Tony: I’ve been involved at the Azone for two years. We have made a real attempt to make this new space [the Azone’s fourth] a very nice place to be. We’re trying to be accessible to a broader range of people. People have, and rightfully so, biases against peeling paint and dirt, messy, filthy, sloppy—apparently disorganized spaces. So we’re now experimenting with being aesthetically accessible. There are currently ten people in the Azone collective, all volunteer.
Bill: There are historic problems with anarchism being deliberately misunderstood and misrepresented as unstructured, so spontaneous that people do whatever they want whenever they want. Makhno’s more centralized organizational structure leads to greater organizational discipline. We can build a culture in the anarchist movement that has structure, consensus and responsibility. Consensus process empowers people because of the equal responsibility to give and take. When people understand that they have a responsibility to themselves and other people it creates a value structure that builds self-discipline. Such discipline does not have to come from people who are seen as leaders. Discipline is something we share with each other—recognizing that answers can come from the people who are quiet or slow. This is the third way.
James: Who is your membership?
Tony: We currently have a fairly decent level of diversity, unusual in the anarchist or punk movements. There are 2 African-Americans, 1 Latino, 2 Polish immigrants, and 2 people over 55. The average age at our last meeting was 40, ranging from 18 to 63. There are queer and bisexual people, although we do need more women involved.
Bill: The women that have stayed involved are strong, articulate, aggressive women.
Tony: I felt there was a greater egalitarian element a few months ago, but that dwindled away recently. I have come to realize that shifting leadership is okay. I would like to see a more participatory group.
Bill: We need to find a way to do away with informal hierarchy. The Azone has had a core of leadership since the very beginning. Mainstream society conditions us to accept relationships that reinforce hierarchy. In order to equalize power, people need opportunities to participate fully in groups. The Azone uses a consensus process, but what does that mean in terms of taking a role in a meeting? The goal of consensus is everybody facilitating the meeting together.

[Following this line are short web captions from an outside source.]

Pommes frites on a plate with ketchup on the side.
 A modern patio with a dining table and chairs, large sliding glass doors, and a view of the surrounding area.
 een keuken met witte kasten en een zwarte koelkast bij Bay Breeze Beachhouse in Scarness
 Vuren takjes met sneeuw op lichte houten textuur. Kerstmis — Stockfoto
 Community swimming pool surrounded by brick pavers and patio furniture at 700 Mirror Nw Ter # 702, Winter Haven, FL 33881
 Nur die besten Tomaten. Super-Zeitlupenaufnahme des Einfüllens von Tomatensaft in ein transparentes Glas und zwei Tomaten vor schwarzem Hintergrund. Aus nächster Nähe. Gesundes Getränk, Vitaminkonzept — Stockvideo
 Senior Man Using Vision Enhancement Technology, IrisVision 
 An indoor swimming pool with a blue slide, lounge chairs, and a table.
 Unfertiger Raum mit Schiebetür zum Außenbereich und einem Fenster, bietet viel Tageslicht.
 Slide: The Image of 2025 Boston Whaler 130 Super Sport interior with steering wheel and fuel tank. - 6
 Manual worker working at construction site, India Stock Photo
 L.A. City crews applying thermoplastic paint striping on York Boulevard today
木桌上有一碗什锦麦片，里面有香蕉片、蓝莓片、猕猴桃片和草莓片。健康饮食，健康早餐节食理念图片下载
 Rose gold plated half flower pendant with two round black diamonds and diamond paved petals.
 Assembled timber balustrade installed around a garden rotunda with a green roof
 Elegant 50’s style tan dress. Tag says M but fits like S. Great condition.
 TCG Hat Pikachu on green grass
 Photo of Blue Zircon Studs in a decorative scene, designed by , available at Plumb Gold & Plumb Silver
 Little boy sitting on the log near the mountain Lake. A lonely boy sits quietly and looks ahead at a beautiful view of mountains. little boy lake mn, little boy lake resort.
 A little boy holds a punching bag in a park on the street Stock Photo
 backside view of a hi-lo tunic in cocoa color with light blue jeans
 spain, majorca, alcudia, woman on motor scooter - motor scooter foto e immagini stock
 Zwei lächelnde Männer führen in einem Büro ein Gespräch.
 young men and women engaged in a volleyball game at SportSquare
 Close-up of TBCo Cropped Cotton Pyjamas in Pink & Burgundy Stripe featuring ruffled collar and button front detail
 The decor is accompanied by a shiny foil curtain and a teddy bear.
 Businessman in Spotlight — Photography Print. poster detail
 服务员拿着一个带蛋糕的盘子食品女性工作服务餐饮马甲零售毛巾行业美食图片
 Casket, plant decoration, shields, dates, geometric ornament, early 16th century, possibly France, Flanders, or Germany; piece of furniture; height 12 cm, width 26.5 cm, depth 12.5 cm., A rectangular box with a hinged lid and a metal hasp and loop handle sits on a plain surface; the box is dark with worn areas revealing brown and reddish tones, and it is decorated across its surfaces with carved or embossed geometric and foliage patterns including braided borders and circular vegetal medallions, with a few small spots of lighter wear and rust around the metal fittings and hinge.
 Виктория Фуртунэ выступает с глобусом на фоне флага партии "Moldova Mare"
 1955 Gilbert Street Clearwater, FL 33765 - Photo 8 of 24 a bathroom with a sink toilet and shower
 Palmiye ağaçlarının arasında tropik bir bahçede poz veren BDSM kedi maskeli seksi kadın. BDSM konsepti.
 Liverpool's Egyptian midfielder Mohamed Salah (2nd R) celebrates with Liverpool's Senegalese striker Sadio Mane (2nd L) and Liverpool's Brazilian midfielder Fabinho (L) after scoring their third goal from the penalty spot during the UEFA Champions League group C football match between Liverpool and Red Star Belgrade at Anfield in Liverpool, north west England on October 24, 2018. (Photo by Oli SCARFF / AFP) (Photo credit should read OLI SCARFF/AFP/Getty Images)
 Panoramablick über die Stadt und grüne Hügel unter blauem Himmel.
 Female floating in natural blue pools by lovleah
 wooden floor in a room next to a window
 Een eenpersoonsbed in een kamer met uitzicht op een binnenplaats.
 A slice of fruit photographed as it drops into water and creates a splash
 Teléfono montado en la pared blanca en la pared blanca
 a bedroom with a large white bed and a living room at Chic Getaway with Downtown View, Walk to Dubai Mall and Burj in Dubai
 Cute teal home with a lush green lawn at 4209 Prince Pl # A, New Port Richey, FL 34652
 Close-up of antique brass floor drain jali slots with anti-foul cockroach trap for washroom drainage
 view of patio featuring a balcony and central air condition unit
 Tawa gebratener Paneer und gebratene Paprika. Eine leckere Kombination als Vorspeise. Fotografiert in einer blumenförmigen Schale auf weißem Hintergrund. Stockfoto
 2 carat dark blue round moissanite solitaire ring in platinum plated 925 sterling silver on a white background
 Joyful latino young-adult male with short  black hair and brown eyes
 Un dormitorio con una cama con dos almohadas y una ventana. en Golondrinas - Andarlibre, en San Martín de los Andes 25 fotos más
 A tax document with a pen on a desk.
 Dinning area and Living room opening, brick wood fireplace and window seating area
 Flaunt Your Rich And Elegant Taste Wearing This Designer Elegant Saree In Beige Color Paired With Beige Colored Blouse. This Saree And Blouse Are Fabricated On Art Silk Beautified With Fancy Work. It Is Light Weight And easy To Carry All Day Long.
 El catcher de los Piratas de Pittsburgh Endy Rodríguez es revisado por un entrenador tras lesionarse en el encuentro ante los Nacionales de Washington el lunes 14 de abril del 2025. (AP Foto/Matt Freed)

James: Who are your constituents?
Tony: The Azone started off closely tied to anarcho-punk culture, but now that element isn’t as strong. Lately though we’ve been tabling at Los Crudos shows, so we’ve actually been getting back into it a bit. Many of our current collective members wouldn’t go to a punk show. We have a broader representation of society than ever before. Our constituents are people who know people in the Azone. We get some random people in to the space, and a lot of travelers. Many people know about the Azone because of its connection to the broader infoshop movement. There is still a strong counter-cultural youth element. We need to have more folks coming in. In order for more people to be a part of the Azone, it needs to relate to their agenda.
Bill: We now have a greater ability for people to call themselves anarchists instead of anti-authoritarians or autonomists. We are reaching out to the whole city-not just the neighborhood.
In terms of relating to the people in the neighborhood, we are still doing it through other groups like the West Town Tenants Union. Vic has been talking about setting up a drop in time for tenants’ rights counseling. This might be a concrete way for WTTU to use the Azone. It is necessary to fight for day to day reform, as long as you have your eyes on the prize of revolution. When you think you have everything good and don’t need a revolution, then there’s a problem. For example, the Spanish anarchists fought for working condition reform. They synthesized a revolutionary vision and with a practical approach to dealing with everyday problems. In order for infoshops to take on this role people need to get a lot more serious. I understand this from working at Metropolitan Tenants Organizationdealing with a broad range of people: folks on public assistance, food stamps, people with subsidized housing, etc. I work with a very diverse group of people, diverse racially and economically. As anarchists we need to relate to ordinary folks. Many people see anarchism as a great idea, but unfortunately it’s seen as a social club. Anarchists feel alienated and also alienate people. We have to be appealing and open to people who may eat meat, make sexist comments, act or think in other oppressive ways.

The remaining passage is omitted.